The call for action on climate change has grown louder in the weeks following the announcement of the Obama administration’s climate action plan. As the president laid out in June, the plan that leads to a more sustainable energy policy, and as the newly confirmed administrator of the U.S. Environmental Protection Agency, Gina McCarthy, reminded us this week, it is also an incredible opportunity for job creation.
In Charlottesville, Va., last week, Vice Mayor Kristin Szakos and City Councilwoman Dede Smith spoke about climate change at a press conference that was organized by Environment Virginia. The speakers highlighted the need to reduce carbon emissions by investing in energy efficiency and renewable energy, while removing support and subsidies for dirty energy sources.
A few days later, a group of supporters met at Charlottesville’s free speech wall to spread the word about climate change. Organizers scheduled the event to take place as local residents Joanie Freeman and Dave Redding completed the “March for our Grandchildren.” That trek from Camp David to the White House was organized by the national advocacy group 350.org to draw attention to climate change inaction and the problems we that will be left for future generations.
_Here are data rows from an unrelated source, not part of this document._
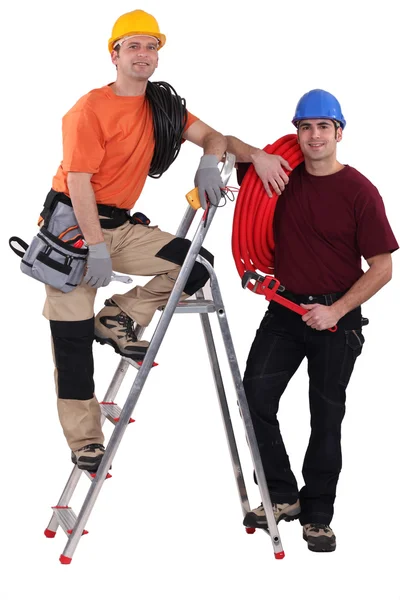 Ett team av hantverkare som poserar med sina verktyg — Stockfoto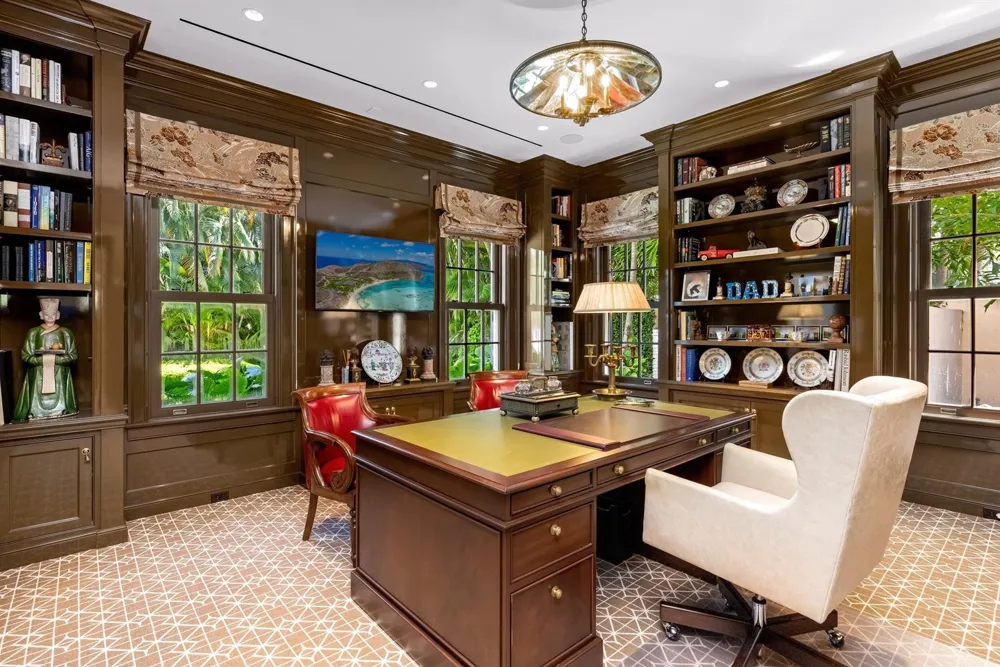 255 Wells Road Palm Beach, FL 33480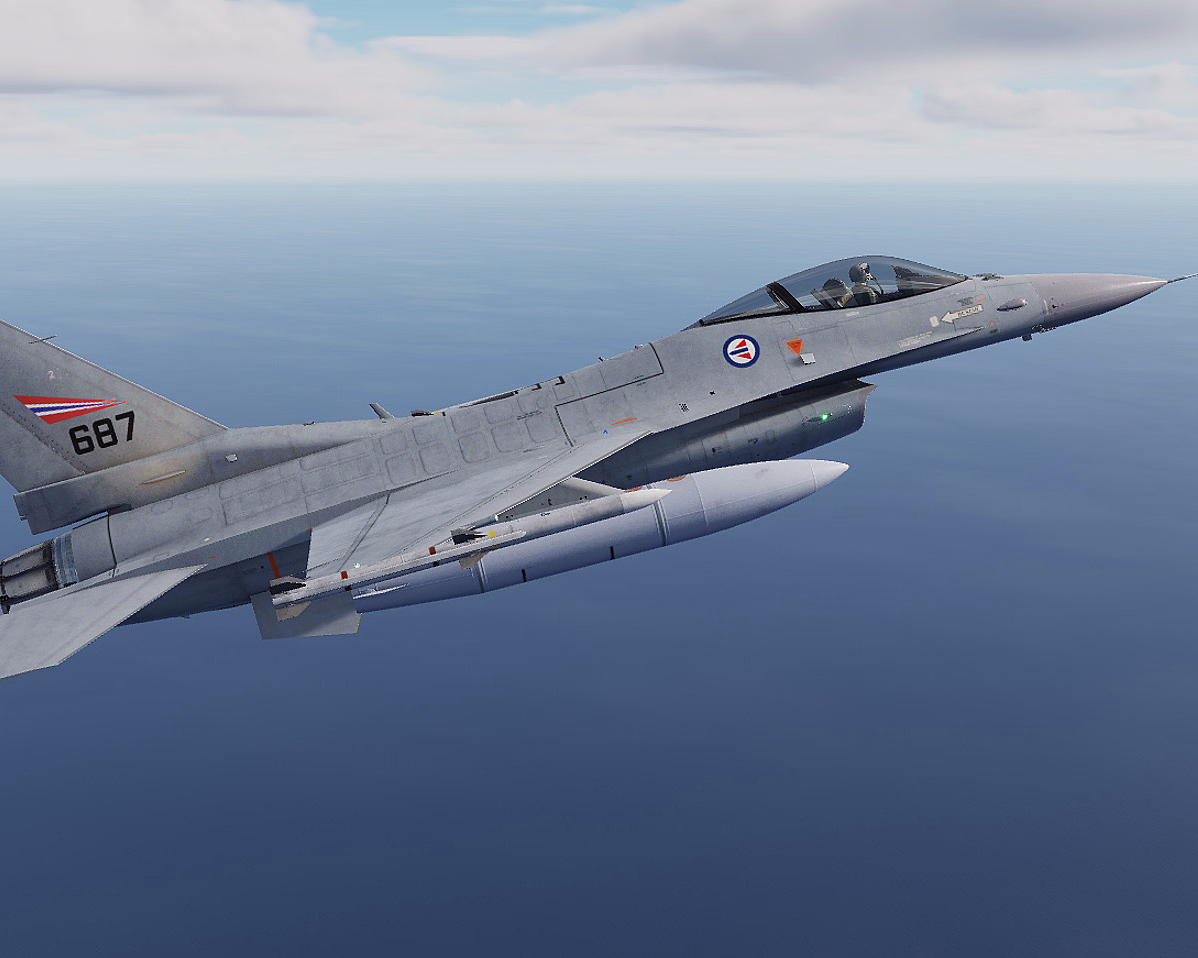 Fly F-16 simulator - image 1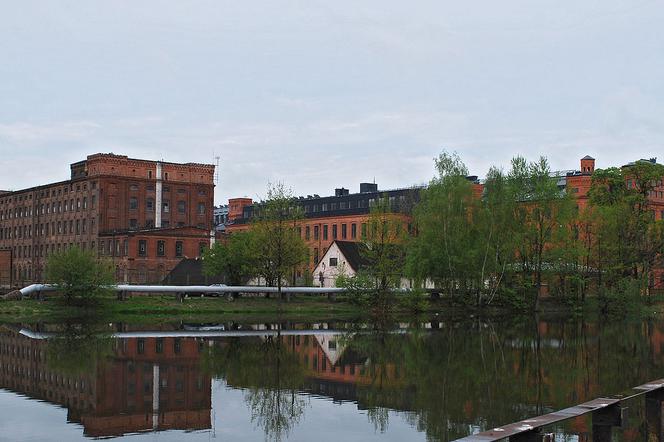 Łódź niczym Manchester /Fabryka Scheiblera znad stawu, 2010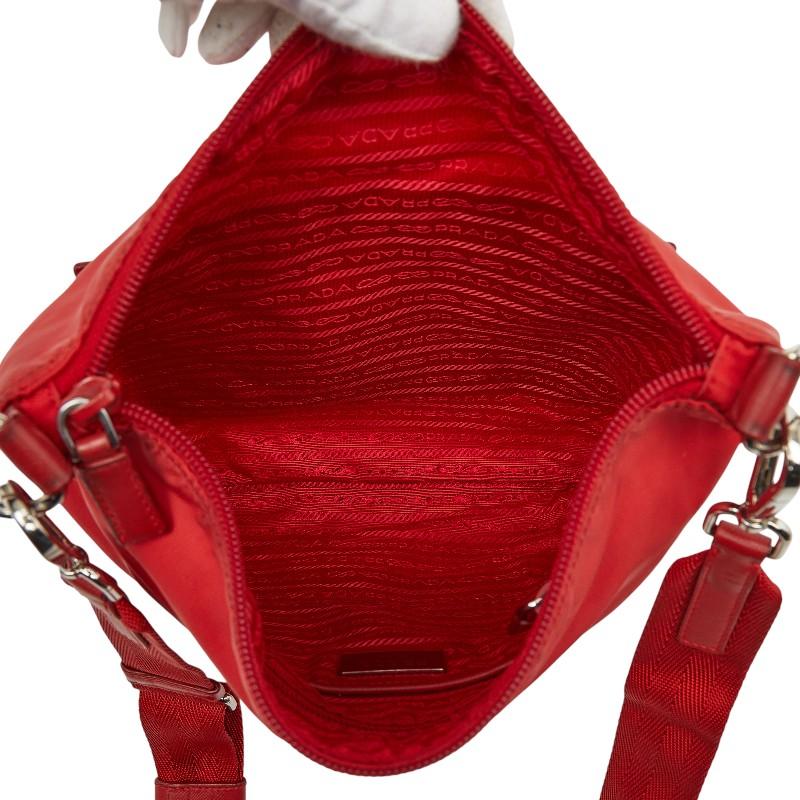 PRADA（プラダ） 三角ロゴプレート テスート ショルダーバッグ BT0715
There is a growing chorus of individuals and groups who understand we are not doing enough to curb carbon emissions. Along with this coalition, Charlottesville recently saw the formation of a central Virginia 350 chapter, which brings together regional environmental groups and local residents to plan and take action on climate change in Virginia.
Grassroots movements often build and harness enough power to move industries and politicians on important issues. And recently, public pressure has been critical in leading Dominion to begin rolling out solar programs, albeit on a very small scale. These are encouraging signals of progress, but there is further evidence that Virginia is approaching a renewable energy tipping point.
In the past several months, at least three collaborative working groups have set out to address policies that impede growth of the solar industry in Virginia. One group is comprised of renewable energy industry advocates and Virginia environmental groups. Another includes industry advocates, utilities, regulators, elected officials and environmental groups. And a third collaborative is comprised of local government leaders.
These groups represent a huge population of stakeholders that want the industry to grow in Virginia as it has in states like Maryland, New Jersey and North Carolina.
Solar progress is not the only clean energy technology that is gaining traction in the traditionally slow-moving Virginia. Last week, the Bureau of Ocean Energy Management announced the competitive lease sale of more than 112,000 acres for offshore wind energy development. BOEM estimates the finished project will be capable of producing more than 2,000 megawatts of power from the steady winds 20 miles off of Virginia’s coastline.
While we do not expect Virginia to be a renewable energy leader anytime in the near future, it is edging ever to embracing an industry flush with job opportunities and environmental benefits.